Tuesday, November 15, 2011

Seeds of Discontent



Three weeks. Three months. Elapses when I hear the seeds sprouting. Little grumbles at first, then kvetching. First to myself, then to friends. As certain as the sun will rise tomorrow, I do the leap, bail, drop out thing that I do do so well.

How am I convinced of this proclivity? I keep a journal. Faithfully, each day I record the happenings of the previous. Once entered, pen down, I re-read events of a year ago.

Oh, there is is; the familiar whining. The hour of the class is inconvenient (vocal), planks hurt my shoulder (yoga), need more money (retail gig), too far to drive (health club), no opportunity to practice (Spanish/piano). I could go on and on, but you get the pathetic picture.

Then it builds. As the pages turn throughout the year, I witness my own mental packing up. Excuses play out on each line. Blame spreads. Justifications. Then, sure enough, three (the magic number) weeks or months after the first itches, comes the inevitable leave-taking. I am shoving the songbooks behind books, stowing my yoga mat on a top shelf, ordering business cards for my newest enterprise, emptying the gym bag, and stacking the tapes atop the discarded CD pile.

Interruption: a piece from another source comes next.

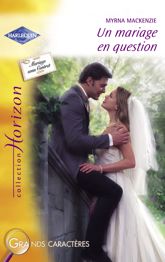 Un mariage en question (Harlequin Horizon) - 15 Jan 2009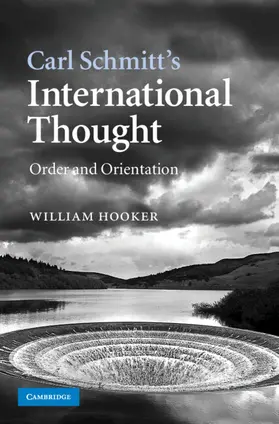 Hooker |  Carl Schmitt's International Thought | Buch |  Sack Fachmedien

You might think this sequence would lower my self esteem, make me angry at myself for giving up. Au contraire. I'm proud that I know when to cut my losses. Certainly, others may scold at yet another example of my bailing. But I counter, shouldn't I be praised for my willingness to jump in. To try out. To expand my horizons?

As you might expect, eyes typically roll as I fashion myself a hero rather than a gadfly. No matter. As long as I can convince myself that each new experience will surely travel beyond the three something, life goes on. And now, you'll have to excuse me. Tap dancing awaits.